0

I wanted to calculate the average temperature (t) of specific time period for each year.

I have weather data that gives me values for each day. My real data is from 2011-2019 and has all days in all years and I would like for example average temperature for 20th of April - 15th of May for each year.

Example data:

df <- data.frame(matrix(ncol = 4, nrow = 8))
x <- c("year", "month","day","t")
colnames(df) <- x
df$year <- c(2011,2011,2011,2011,2012,2012,2012,2012)
df$month <- c(3,3,4,4,3,3,4,4)
df$day <- c(1,2,3,4,1,2,3,4)
df$t <- c(1,3,6,1,2,7,1,-9)

I did managed to do this with a very ugly and time consuming code but lack of knowledge has stopped me in my tracks.

Thank you in advance.

  • 2
    Don't share data as images, use dput() instead to create a reproducible example. More ideas here: https://stackoverflow.com/questions/5963269/how-to-make-a-great-r-reproducible-example – s_baldur Mar 25 '20 at 11:24
  • Moreover, what did you actually try? – jay.sf Mar 25 '20 at 11:50
  • I did use as.date and making a column with "%Y-%m-%d" and selected each time period and took average of that manually and mixed that into a dateframe. I'm a beginner so this was both time consuming and very ugly code. I was searching for a better way. All help is welcomed. – Sölvi Vignisson Mar 25 '20 at 11:58

4 Answers4

3

With tidyverse you could do something similar:

library(tidyverse)

Data %>%
  filter((month == 4 & day >= 20) |
         (month == 5 & day <= 15)) %>%
  group_by(year) %>%
  summarise(mean_temp = mean(t))
Ben
  • 28,684
  • 5
  • 23
  • 45
2

Similar to @Ben's answer but in base R :

aggregate(t~year, subset(df, (month == 4 & day >= 20) | 
                             (month == 5 & day <= 15)), mean)
Ronak Shah
  • 377,200
  • 20
  • 156
  • 213
1

you can actually add quite complex calculations to the group_by function in the dplyr package. Maybe you want to look into something like this.

library(dplyr)
library(lubridate)
df <- data.frame(matrix(ncol = 4, nrow = 8))
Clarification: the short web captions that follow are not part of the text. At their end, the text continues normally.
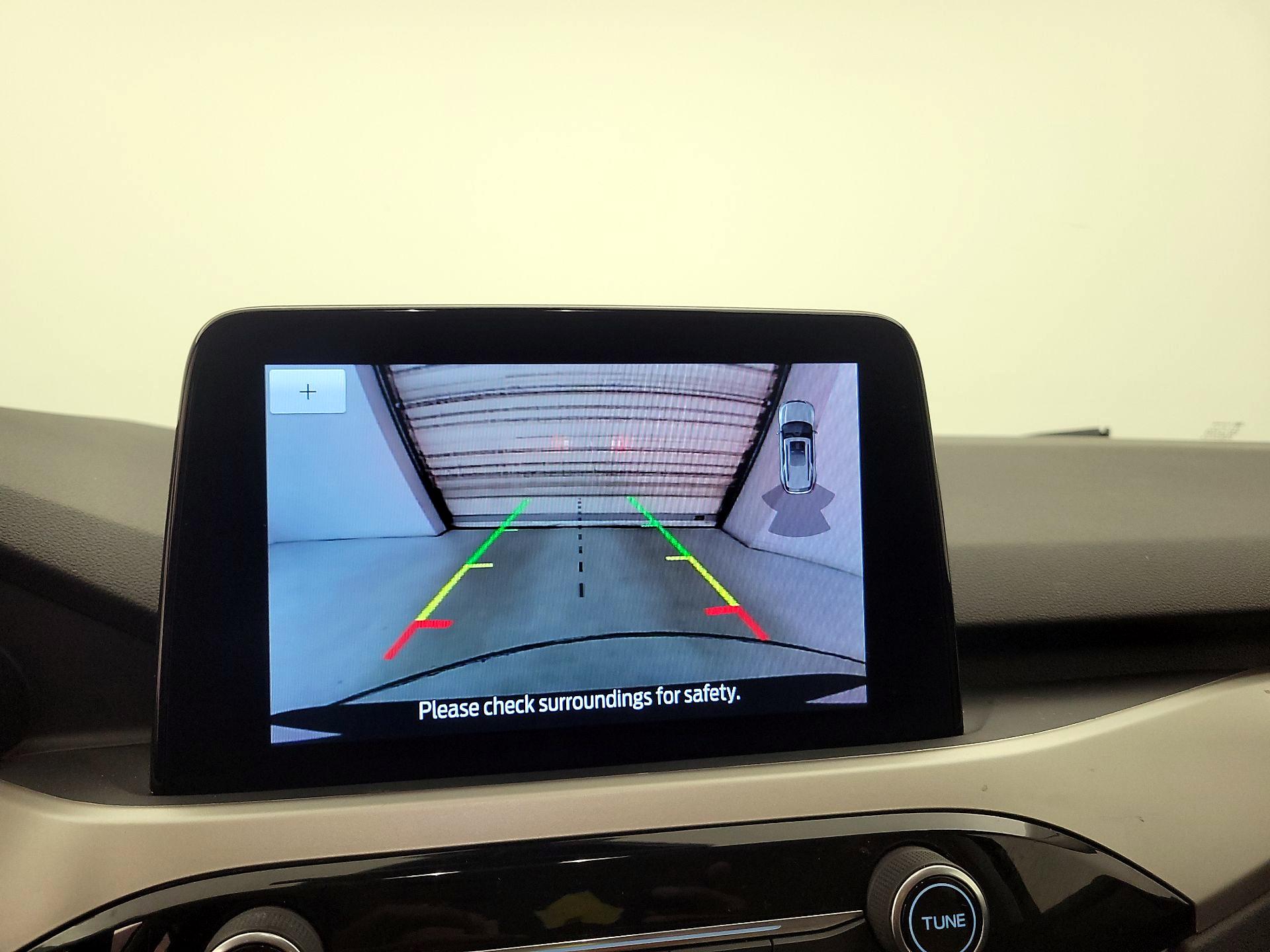 Thumbnail: 2022 Ford Escape - 14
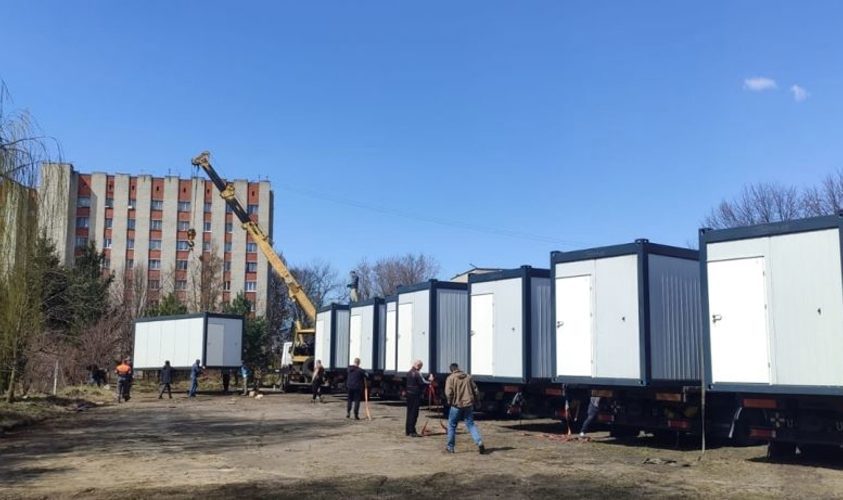 Розпочався монтаж модульного житла у Львові для переселенців (відео)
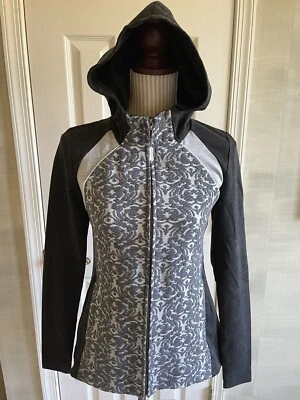 Anthropologie Pure + Good 连帽衫拉链夹克灰色花卉印花 XS — 第 1/4 张图片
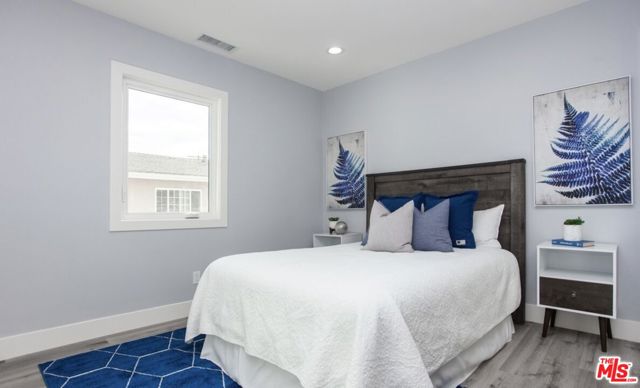 433 S Wilton Place, Los Angeles CA: https://media.crmls.org/mediaz/47b9aeac-f9b3-4aa8-9d4a-797628e8c9d6.jpg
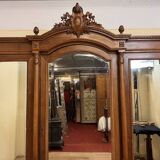 armoire style Louis XVI en noyer vers 1850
x <- c("year", "month","day","t")
colnames(df) <- x
df$year <- c(2011,2011,2011,2011,2012,2012,2012,2012)
df$month <- c(3,3,4,4,3,3,4,4)
df$day <- c(1,2,3,4,1,2,3,4)
df$t <- c(1,3,6,1,2,7,1,-9)
df %>% 
  group_by(lubridate::dmy(paste(day, month, year)) %>% 
             lubridate::yday() %>% 
             between(lubridate::yday(dmy("3.4.2000")), lubridate::yday(dmy("15.5.2000")))) %>% 
  summarise(mean(t)) 

I am using the yday function from lubridate to be able to select days over multiple years.

Hope this helps!!

Bertil Baron
  • 4,923
  • 1
  • 15
  • 24
0

Try the code bellow, I like to use for loop to deal with this kind of troble.

# Create a vector of all years
year_u <- unique(zz$year)

# Create the initial and final period
inicial_day <- 20
inicial_month <- 4

final_day <- 15
final_month <- 5

# Create an empty data.frame to store the data after each loop
averages <- data.frame()

# Open a loop
for(i in 1:length(year)){

    # take each year
    subsets <- subset(zz, year == year_u[i])

    # Mean of each time between the period
    average <- mean(subsets[subsets$day >= inicial_day & subsets$month >= inicial_month &
                                subsets$day <= final_day & subsets$month <= final_month, ]$t)

    # Create a temporary data.frame to store the year and the t_mean
    temp <- data.frame(year = year_u[i], t_mean = average)

    # Combine the actual data with the last
    averages <- rbind(averages, temp)
}